Top of The Heap is hard to digest. It’s ragged and unpredictable and it switches back and forth between fantasy, dreams, and reality. Plots are built on cause and effect, but in Top of The Heap, we get a mass of interconnected scenes. It works when the scenes compliment and inform each other but often they just seem to pile up in a disordered mass.
The movie follows George, a frustrated, black, cop who has been passed over for a promotion. As the film unfolds his character doesn’t so much develop as change contexts. Whether imagined or real we see him in a variety of situations that cast him in different roles. We don’t so much learn about him as witness him.
As a cop, he tries to project authority, as a husband he tries to negotiate empathy, as a black man he tries to protest, but he is unable to make any of these identities work. He is continually buffeted by life and does not seem able to cope. He is a thoroughly unlikeable character, and the audience is made to sympathize more with his position in life than George himself.
Top of The Heap was written, directed, produced, and starred in by Christopher St. John. The dialogue is poor and so is the acting, but there are times when the hollowness of some scenes contributes to a feeling of dissociative alienation. Everything seems like a pointless, empty role George finds himself obligated to play. He cheats on his wife, but his mistress just ends up accusing him of the same shortcomings his wife accuses him of. He tries to be a good cop. but both his colleagues and the criminals he arrests reproach him. Even what appears to be a fantasy of becoming a famous astronaut turns into a nightmare.

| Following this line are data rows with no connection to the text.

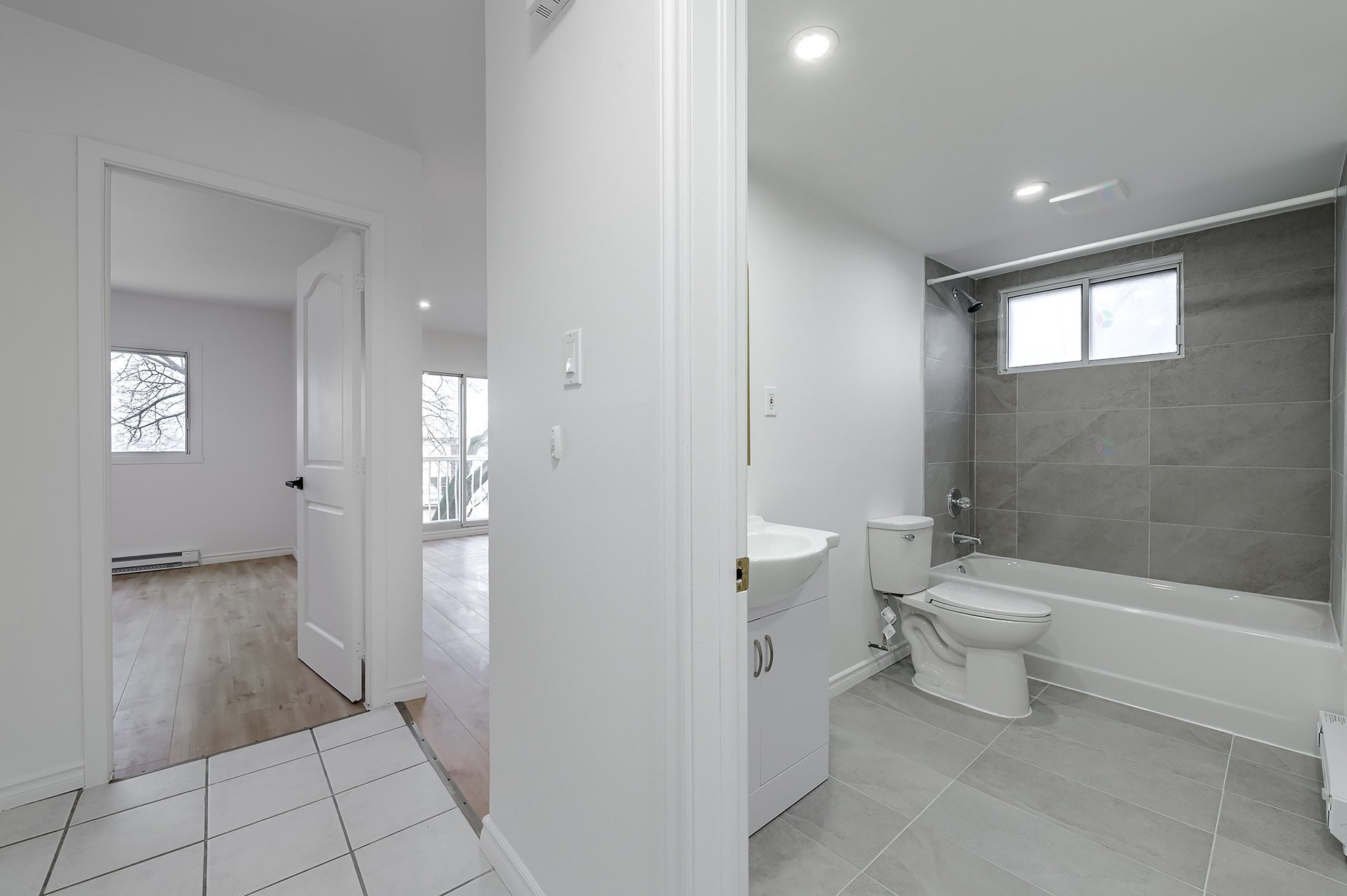 









8340


Boul. Langelier

, 4,
Montréal (Saint-Léonard),




QC
H1P2C1

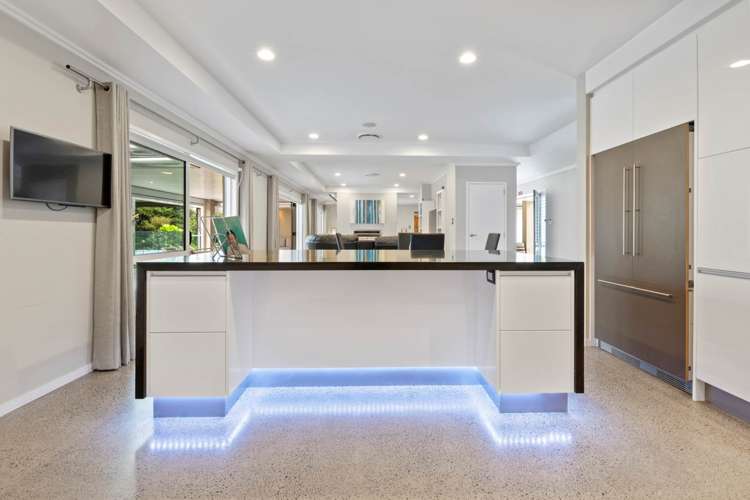 105 Whangaparaoa Road Red Beach_20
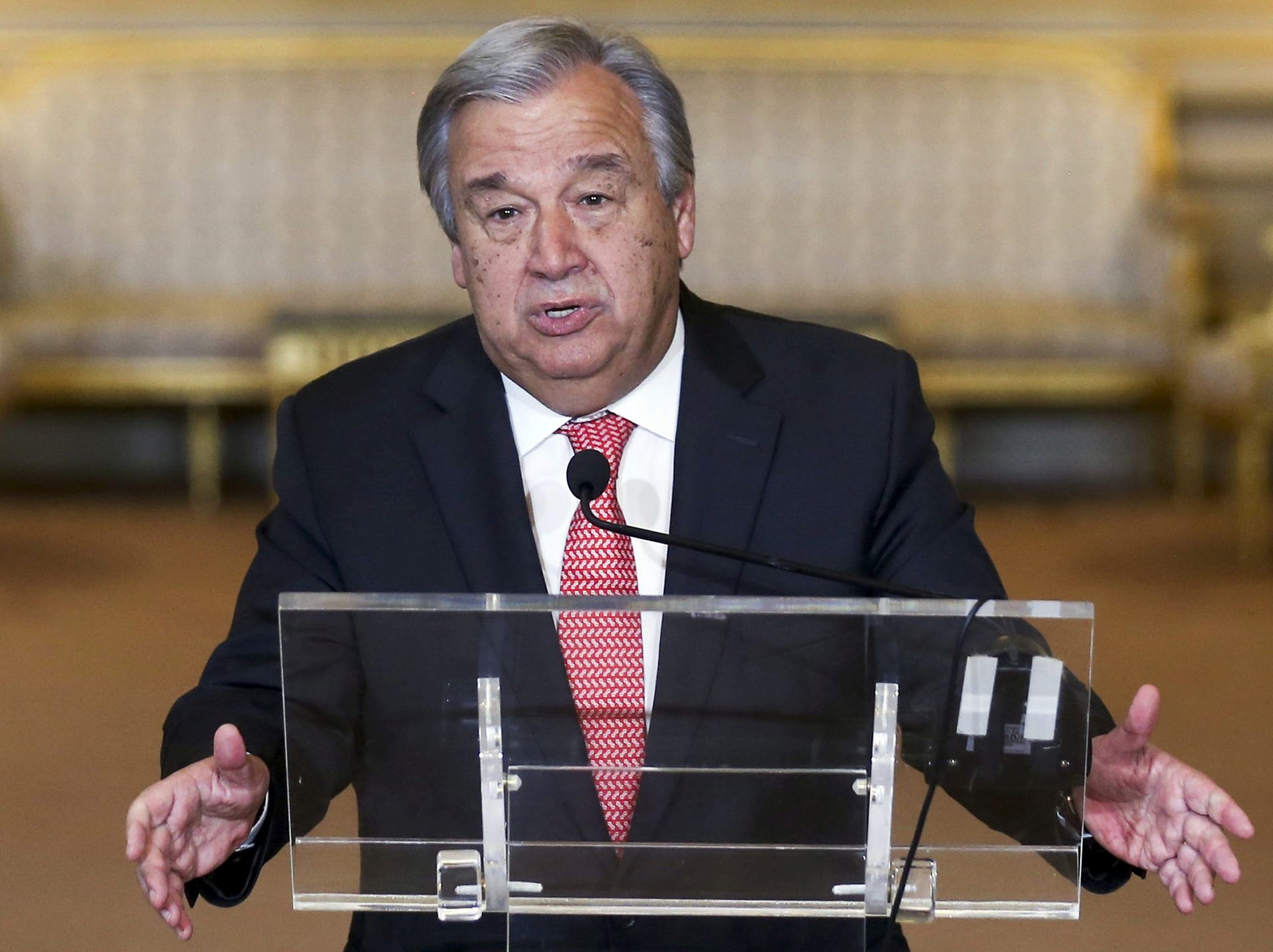 epa05573253 Antonio Guterres, the former United Nations High Commissioner for Refugees (UNHCR) and former Prime Minister of Portugal, delivers a statement at the Necessidades Palace in Lisbon, Portugal, 06 October 2016. According to reports, Guterres is set to be confirmed as new UN Secretary General by a formal vote of the UN Security Council on 06 Ovctober 2016.  EPA/ANDRE KOSTERS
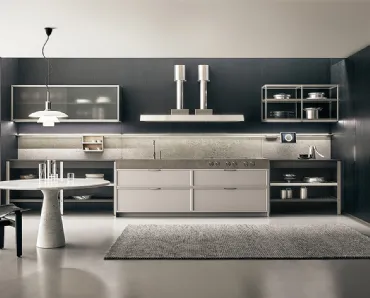 Cucina Design lineare KLab 02 con frontali in Laccato opaco Grigio Nuage di Ernestomeda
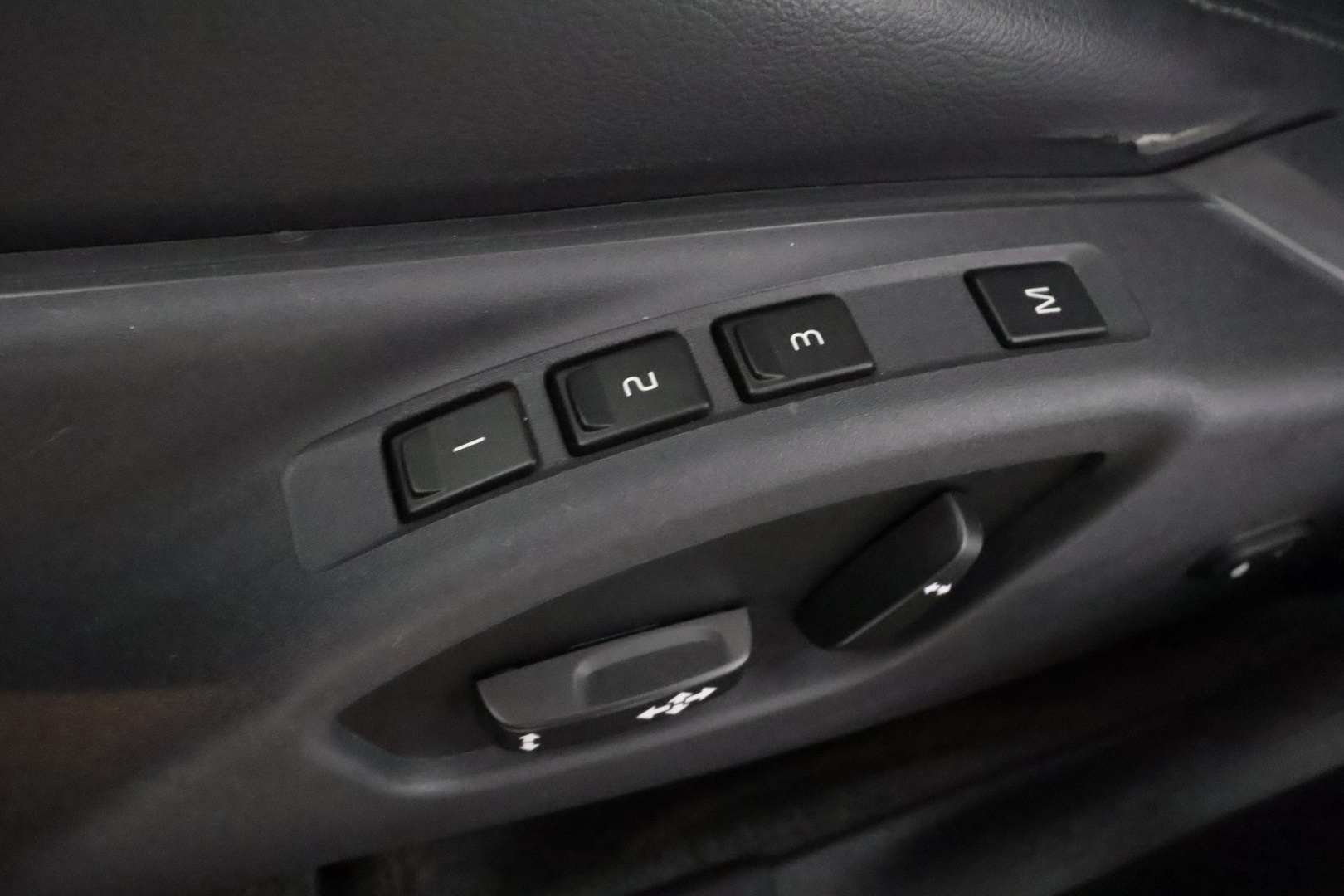 Volvo V70 2015 T4 Classic - | Vakkari | Keyless | Muistipenkki | Nahkaverhoilu | Xenon | Akt. Kaarrevalot | Koukku | Lohkolämmitin | Kahdet renkaat | Suomi-auto | Merkkihuollot | 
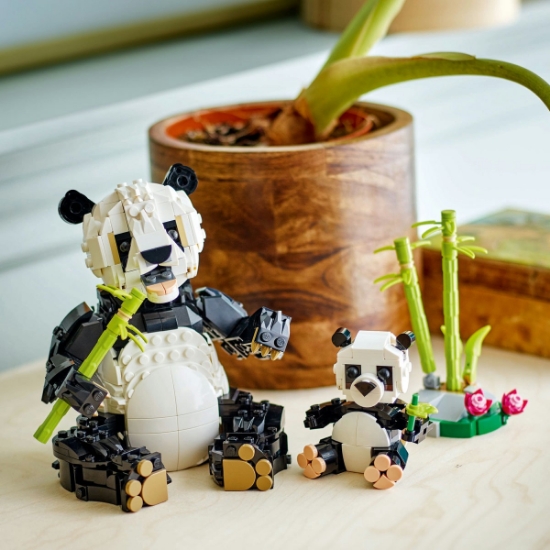 Imagine LEGO CREATOR ANIMALE SALBATICE: FAMILIA DE URSI PANDA 31165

As the movie picks up momentum, the imagery starts switching faster and then combining. In one scene, we see him dressed in a space suit standing in a parking lot while three police cars screech in a circle around him preventing him from leaving. The image is a depiction of the irreconcilable conflict that is tearing George apart. He is trapped between oppressor and oppressed, hero and villain. He is both the policeman in the car as well as the man being chased. His being an astronaut makes him an American icon, but it is a hollow symbol for an America that has no use for him. Suddenly, we see him on the surface of the moon. He rips the American flag patch off his suit, and then the NASA patch, but then he begins ripping off his breathing apparatus as well. He is severing his tethers, but he is also destroying himself.
The juxtapositions are complex and jumbled, but they are the most interesting part. The story of a black cop descending into madness due to the inherent contradictions in his job becomes melodramatic and overwrought, but the cinematic images it produces are compelling. Not bound by the logic of a chronological narrative, the images can evoke far more interesting ideas that are not so easily expressed through dialogue or straightforward storytelling.
The movie poster’s byline reads “His rage was the illness of the times.” With the understanding that movie posters are meant to be brief and sensational, the quote is a reflection of the strange, impersonal nature of the film. George’s core struggle is to make himself whole. It is a struggle for identity, and so the audience can never really get to know him
George’s struggle for identity can also be seen as a struggle to find a place in society. A place in every sense of the word. He needs a physical place to exist, to live, and to work, but he also needs a social and mental space where his thoughts and behaviors make sense. George looks out at the world and sees only shallow, unsatisfying labels that do nothing other than prescribe a set of behaviors that George finds ultimately unsatisfying and even degrading.
The role of "happily married husband" feels like economic bondage. The role of "dutiful policeman" seems like a collaboration with white supremacy. Each of the worlds he steps into is hostile and frustrating. George gets called a n****r by almost everyone he meets, be they white or black, rich or poor, victim or perpetrator. He tries to arrest two black drug dealers and they repeatedly call him a n****r pig. Even his wife uses the word to belittle him.
George’s prescribed spaces are collapsing. Cinematically, they are literally invading each other. George is a policeman on the street, and then as he turns around, he is suddenly an astronaut in a ticker tape parade. In some ways, it’s as if George is not so much struggling to find an identity, but to avoid forming one altogether. Even his fantasy of being naked in an African garden of Eden is tainted when instead of an apple, he is presented with a watermelon. He smashes the melon with a closed fist in what looks like anger, but then he greedily gobbles up the pulp and feeds it to his naked wife. There is no resolution in any of his choices, dreams, or ideas.
Christopher St. John made Top of The Heap in 1972. It was the only feature film he ever made. If George’s rage was, as the poster proclaims, the result of “the times,” St. John’s film is as well, and it is meant to be. Richard Nixon, the space race, assassinations, black power, drugs, sex, and bell-bottoms are all thrown in the blender. The film is part Blaxploitation inspired by Van Peebles, part Kubrick’s 2001, part art experimentation, and although it hadn’t been made yet there are some similarities to Nicolas Roeg’s The Man Who Fell to Earth, which came out 4 years later in 1976. Most of all,Top of The Heap exhibits the adventurous abandon of a 1970s film. It may have been rough and cheap, but it took risks, and St. John followed it to its conclusion without smoothing it out to be more commercially viable. The result is something historically significant that still reverberates in today’s society.